Diapason, the major French classical music magazine, celebrates pianist Jonathan Biss and his acclaimed Beethoven Complete Piano Sonatas cycle by naming both Volumes 5 and 7 Diapason D’or in its June issue.
The recordings, released on the artist’s own label, are part of Jonathan’s nine-year, nine-disc recording cycle of Beethoven’s complete piano sonatas, the seventh volume being released earlier this year. The recording cycle will be complete in 2020, at the same time as his final Coursera lectures on the sonatas.

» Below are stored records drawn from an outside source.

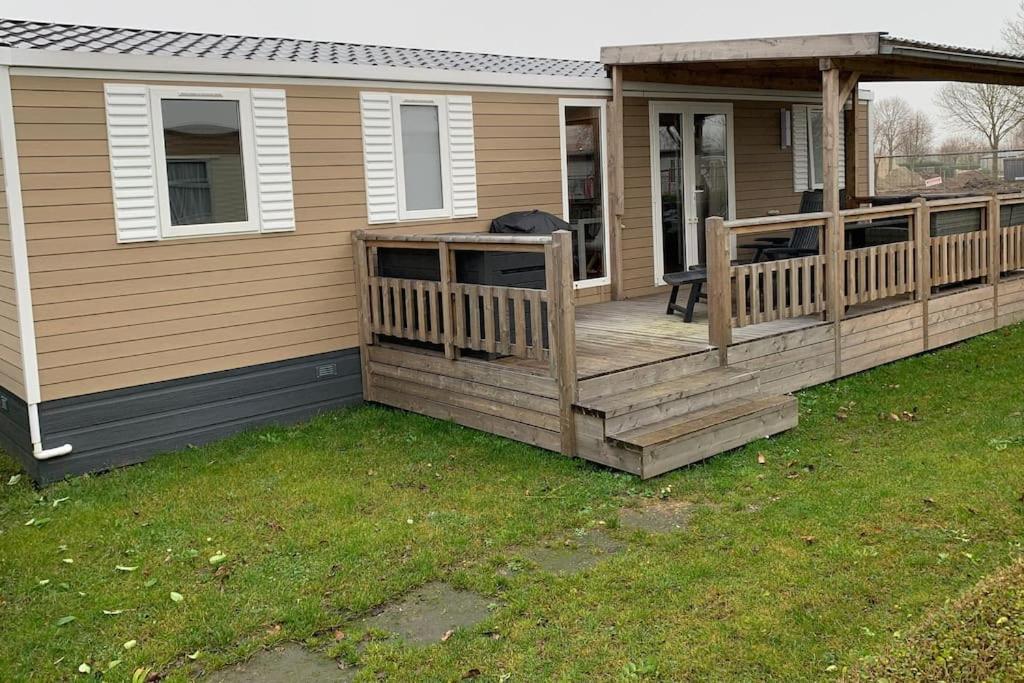 Gezellig Chalet In Het Mooie Zeeland - Oostkapelle Extérieur photo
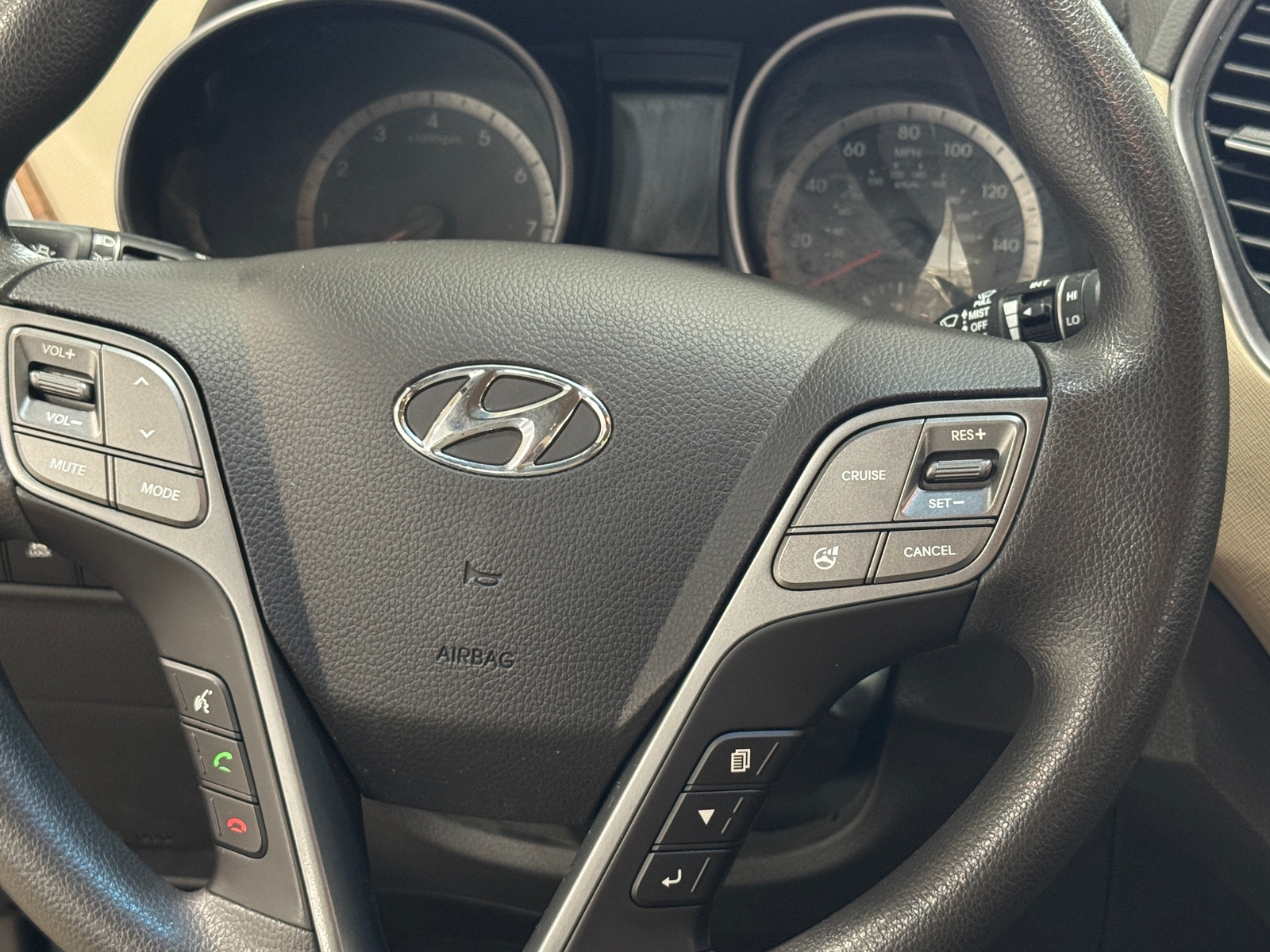 Thumbnail: 2016 Hyundai Santa Fe - 5
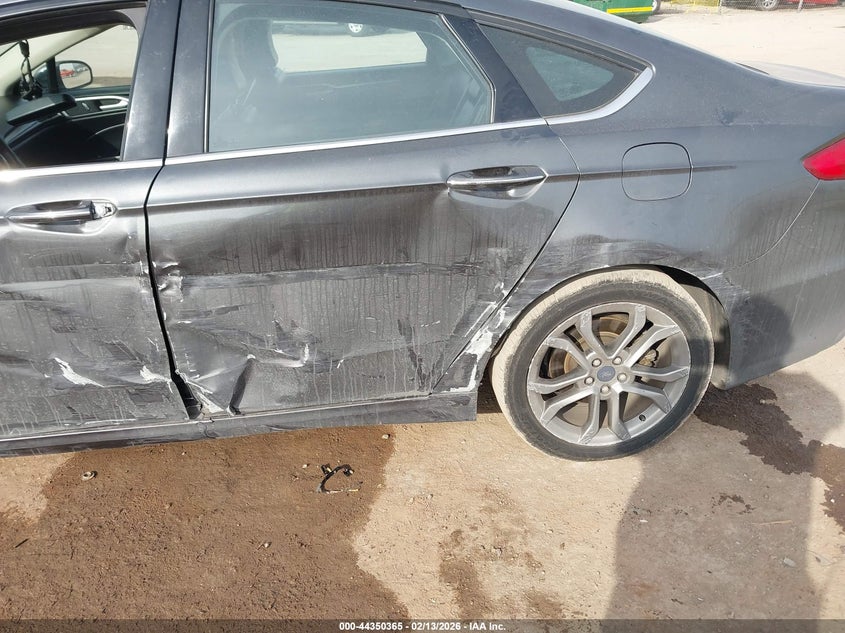 2020 FORD FUSION auction photo 6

This also coincides with Biss’ other Beethoven project, Beethoven/5, for which the Saint Paul Chamber Orchestra is co-commissioning five composers to write new piano concertos, each inspired by one of Beethoven’s.
Biss writes in issue:
“Recording Beethoven’s complete piano sonatas has been among the most overwhelming experiences of my life. The reason for this, I think, is not precisely the difficulty of the music; rather, it is the intensity of the man. Beethoven’s musical language evolved dramatically over the course of his life, and his sonatas cover an astonishing amount of emotional territory: he is alternately lofty and earthy, tender and brusque, filled with fury and quick to laughter. But whatever he is, he is intensely so: the feeling he is expressing, at any given moment, is taken to its limit, and often beyond.
“So playing Beethoven means giving all of yourself. To play the Appassionata is to storm your way into hell; to play the slow movement of the Hammerklavier is to confront grief in a way we normally make every effort not to; to play the last movement of op. 109 is to wrestle one’s way towards utopia. Playing any of these, once, in a concert hall, takes all of oneself; doing it repeatedly, in a recording studio, trying each time to say something about the music that is personal and precise and true, has made me as dizzy as I’ve ever been. Difficult, for sure, but I feel such gratitude – to be able to touch these pieces, to live with them and learn from them. It is a greater gift than I could ever express.”